My ESP Custom doesn't have a tone knob. Thus, I can't set it to 10. ;)

Somtimes I'll fiddle with my other axes' tone knobs to get a smooth tone, but rarely. Nugent might have done this in "Stranglehold."
 
I hardly play guitar, but if I do, when I need to lay down a line for a recording, or when Iùm just fooling around, I use it as part of setting my tone. However, my axe is a strat, which can be quite trebly, and I do like the mellow jazzy tones too...
 
Yeah, I do tend to favor that tubby jazz sound :) And the purring distorted Disreali Gears-like "woman tone"...

I find that the treble on most guitar amps and guitars is like ice picks in my ears. I keep it around 5 or so on most amps, and down on the guitar almost all the time.
 
Studio I use it alot
Live on 10 don't touch it
I just hit it and stuff when I play live!
 
I might in the studio...But for live never..I play a strat, for me I use the pickup selector for tone control.


Don
 
Guitar is not my main axe, but on my guitars (Strat, Tele, SG) I almost always have the tone on 10 and leave it.

Actually, I learned that from talking to guitar players I worked with - almost all of whom set it to 10 and leave it.
 
I use it both live and studio -- in live settings, it's great to mellow out slightly loud levels without shifting volume too much.

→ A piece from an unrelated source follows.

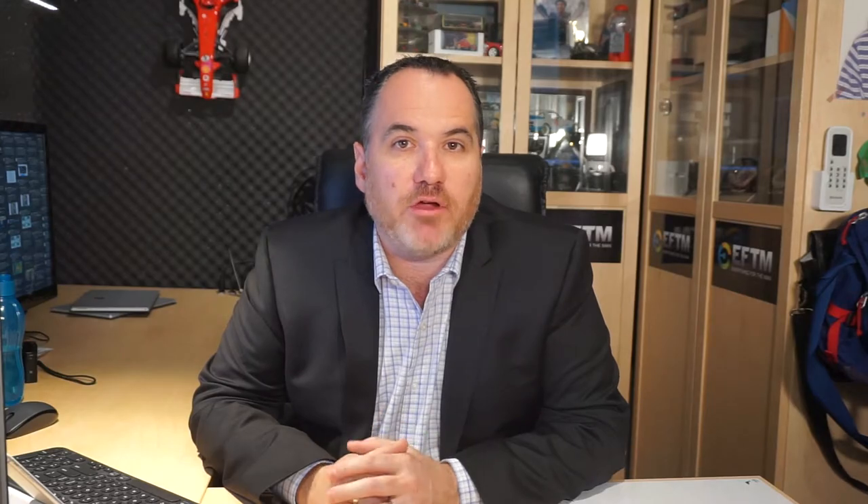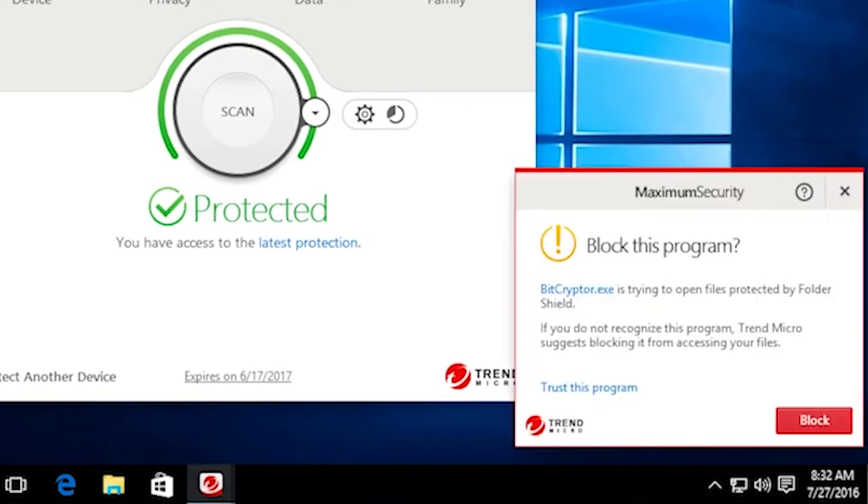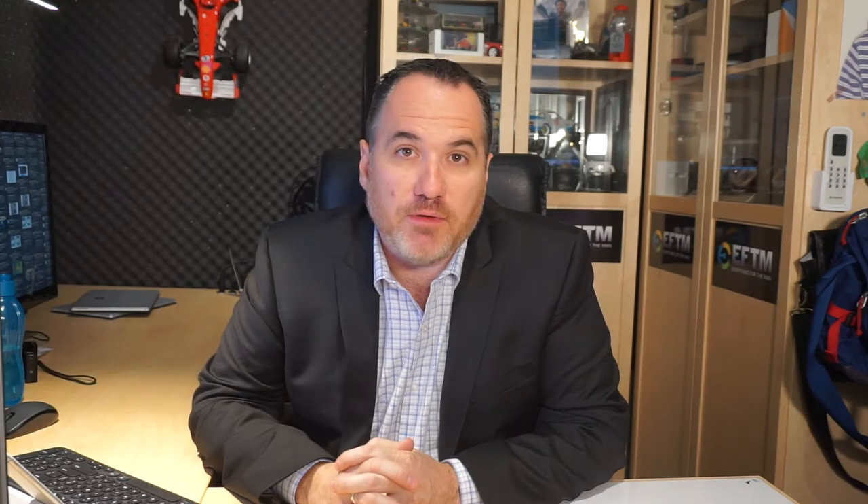And only Trend Micro has Folder Shield. Folder Shield limits access to files in a protected folder, adding an extra layer of defence. This stops ransomware from maliciously encrypting files, holding them hostage from you until you pay a ransom. It's a very real problem, so get protected with a strong internet security product today.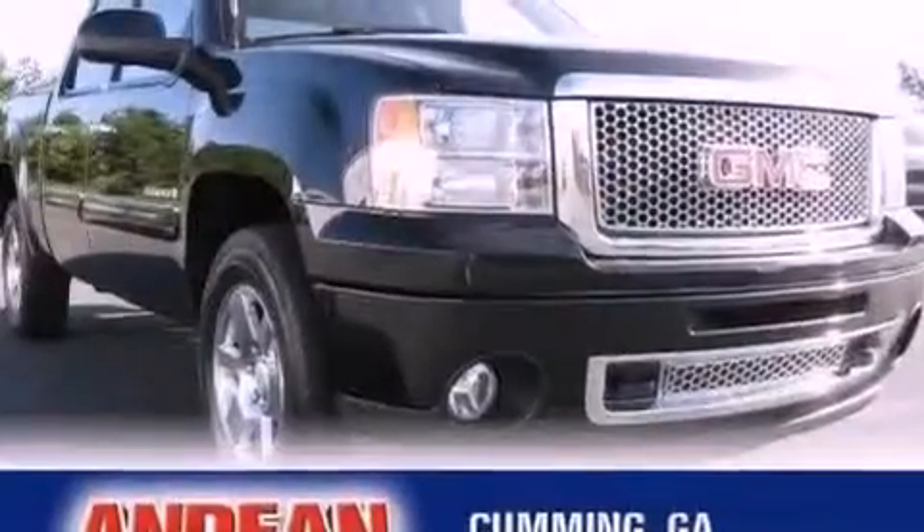Fog lamps, OnStar, memory settings for the seat's positions so you can recall your favorite alignment with the push of one button, and a trailer brake controller.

In studio settings it helps zoom in on the tone...

Bruce
 
I keep it at 7, just to cut some of that high end "grain" from my dist sound.
Sometimes on 10 for acoustic.
I also use two different pickups on my RG550 to change the tone.

Keijo
 
Of course I use it (or them)...that's what they're for, to get different sounds........otherwise, you'd be compelled to strum or pick at the freaking 12th fret or at the top of the bridge like some kind of banjo player....duh....................not to say that playing up on the neck is a bad thing, hendrix did it often for that "sound", but he didn't do it for chording.......the knobs are the only things that can make chording do what you want...or at least what I want.....

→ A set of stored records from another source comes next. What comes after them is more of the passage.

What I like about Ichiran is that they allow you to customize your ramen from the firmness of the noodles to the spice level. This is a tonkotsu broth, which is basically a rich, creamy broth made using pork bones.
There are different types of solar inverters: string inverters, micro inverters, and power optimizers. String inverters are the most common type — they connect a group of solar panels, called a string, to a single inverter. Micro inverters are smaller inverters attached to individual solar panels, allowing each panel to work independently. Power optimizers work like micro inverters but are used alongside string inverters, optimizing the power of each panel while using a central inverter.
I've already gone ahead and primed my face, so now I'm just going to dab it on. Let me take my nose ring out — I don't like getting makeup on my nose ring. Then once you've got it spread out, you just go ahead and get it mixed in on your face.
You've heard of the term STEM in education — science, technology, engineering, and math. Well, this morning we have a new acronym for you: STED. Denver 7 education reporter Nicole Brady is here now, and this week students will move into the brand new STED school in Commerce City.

I middle-of-the-road it on the amp tone knobs, though......the main function of an amp is volume, if ya really get down to it....if the instrument doesn't have the tone to begin with, it's hard to fake it................just my opinion...........gibs
 
When I have it on anything less than 10, it feels like something is lacking.. I have to have all the grit.. On all my guitars..

In fact I'm so used to it that I totally forget the knobs are there.. unless I'm speed picking and my hand accidentally bumps them down..

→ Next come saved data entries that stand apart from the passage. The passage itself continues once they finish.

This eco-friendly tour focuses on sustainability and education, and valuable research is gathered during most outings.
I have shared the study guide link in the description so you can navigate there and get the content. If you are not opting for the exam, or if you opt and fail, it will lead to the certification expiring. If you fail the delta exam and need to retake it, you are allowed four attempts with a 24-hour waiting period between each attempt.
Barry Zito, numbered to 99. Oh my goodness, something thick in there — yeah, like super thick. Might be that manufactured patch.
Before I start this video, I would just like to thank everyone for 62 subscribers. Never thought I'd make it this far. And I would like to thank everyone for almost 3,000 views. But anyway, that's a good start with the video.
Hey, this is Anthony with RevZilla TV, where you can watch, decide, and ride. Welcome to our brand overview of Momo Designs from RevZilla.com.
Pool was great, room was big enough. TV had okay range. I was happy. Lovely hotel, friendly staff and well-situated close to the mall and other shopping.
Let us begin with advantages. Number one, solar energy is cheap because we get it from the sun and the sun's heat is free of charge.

If I can remember, I'll play around with them a bit next time I'm recording..

Cy
 
three ingrediants make a song interesting, memorable, and fun for me--variations in tempo, levels and "tone"--I view "tone" as the catalyst variation that "enables" variations in tempo and levels...even subtle changes in tempo, say from 72bpm during the verse to 71bpm for the chorus--like Blue on Black from Kenny Wayne Sheppard, become interesting when accompanied by not-so-subtle tonal changes--here, the verse tells a story with subtle tones from the vocalist over the quiet 4 chord progression of mostly acoutistic guitar, then the chorus introduces the heavier tones of more than one vocalist along with electric guitar playing the same 4 chord progression and a 2 power-chords turn-around...the more dramatic tempo changes, such as the stop-beat genre of blues songs like Since I've Been Loving You by Zeppelin, make use of even more dramatic tonal changes--here, Page moves seamlessly from slow, clean and quiet to blazing, not-so-clean and loud and back again, while Plant moves from a clean whisper to a screaming falsetto and back again...songs with soft quiet parts that eventually call forth crescendos obviously require variations in tone...therefore, tonal variations are "the stuff of" tempo and levels variations...YES, I use my tone controls--one tone pot for each pick-up, one vol pot for each pick-up, the toggle-switch, the "location" of my pick-hand relative to the bridge and pick-up(s), a vox wah-wah, and a SovTek BigMuffPi, not to mention various psycho-active pharmaceuticals;)
 
I think some people are thinking amp tone knobs, and some are thinking guitar tone knobs. Clarify.